C. H. : « Au lieu de lire l’ensemble du génome des animaux, nous sélectionnons 45 000 points du génome pour lesquels nous obtenons facilement l’information. Depuis 2019, une puce unique moyenne densité est utilisée en France pour le génotypage des bovins. Elle comporte 45 000 marqueurs répartis sur l’ensemble du génome pour détecter les QTL, c’est-à-dire les régions du génome qui ont un effet plus ou moins fort sur le caractère étudié, comme la quantité de lait. Nous utilisons des marqueurs génétiques pour savoir quels segments d’ADN ont été transmis d’une génération à l’autre. Avec l’offre groupée Valogène, nous bénéficions d’une partie de la puce personnalisable régulièrement mise à jour. Ces marqueurs personnalisés servent à étudier le contrôle de parenté ; mais également à avoir des informations sur des gènes spécifiques comme les anomalies génétiques, le gène sans corne ou encore le taux de caséine. Ces marqueurs évoluent avec les avancées de la recherche : nous en sommes déjà à la quatrième version de puce moyenne densité. Entre 2010 et 2020, la part d’éleveurs qui pratique la génomique a été multipliée par dix. Nous sommes passés d’un outil schéma à un outil qui s’est démocratisé dans les élevages. En 2022, plus de 300 000 animaux ont été génotypés. »

À l’avenir, que sera-t-il possible de faire avec l’épigénétique ?

C. H. : « Avec l’épigénétique, nous allons nous intéresser aux marques sur le génome qui vont permettre ou non aux gènes de s’exprimer. Elle détectera dans quelle mesure l’environnement affecte l’expression des gènes. Grâce aux marques épigénétiques, il sera possible de repérer les stress subis par l’animal durant sa vie fœtale, de jeune ou d’adulte. Nous étudierons ensuite l’impact de ces marques sur les performances des animaux. L’information épigénétique pourra également nous permettre de mieux appréhender les interactions entre la génétique et l’environnement. »

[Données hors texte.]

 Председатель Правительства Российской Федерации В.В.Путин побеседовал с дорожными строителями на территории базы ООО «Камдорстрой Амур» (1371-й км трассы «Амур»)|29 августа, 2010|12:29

Quels sont les projets de recherche et de développement à venir ?

C. H. : « Actuellement, nous avons un premier outil d’épigénotypage en développement dans le cadre d’un projet européen impliquant Inrae, Idele et Eliance. Nous avons plusieurs projets qui courent jusqu’en 2026, dont l’objectif est de combiner la génomique et l’épigénétique avec une étude pilote menée en race holstein. Le but est, qu’à l’image de la puce de génotypage, l’outil puisse être largement utilisé en élevage d’ici 2030, afin de prédire les performances des animaux. Nous allons avoir un premier outil de recherche, mais il faudra l’adapter pour qu’il soit facilement déployable sur le terrain. Il faudra mettre en place les circuits d’informations nécessaires et collecter des informations sur un maximum de races et de contextes. Quant à la génomique, des travaux sont en cours pour évaluer de nouveaux caractères, comme la thermotolérance. Nous espérons également que la baisse du coût des biotechnologies permettra de lire l’ensemble du génome de tous les taureaux diffusés. De cette façon, nous aurons accès au maximum d’informations pour anticiper les anomalies génétiques, identifier les variants qui vont influencer le caractère, améliorer la compréhension des gênes et avoir une meilleure précision de l’évaluation des tests génétiques. »

Propos recueillis par Léa Rochon

En chiffres

La Fidocl, c’est :

·      25 départements en France,

·      11 membres (dont Acsel Conseil Élevage ; Adice ; Alysé ; chambre d’agriculture de la Creuse, de l’Indre et de la Provence-Alpes-Côte d’Azur ; éleveurs des Savoie ; Haute-Loire Conseil Élevage ; Loire Conseil Élevage ; Rhône Conseil Élevage et EDE Puy-de-Dôme),

·      6 000 élevages en bovin lait,

·      340 000 vaches,

·      600 élevages caprins,

·      80 000 chèvres,

·      Plusieurs formations certifiées Qualiopi à destination des conseillers et des éleveurs.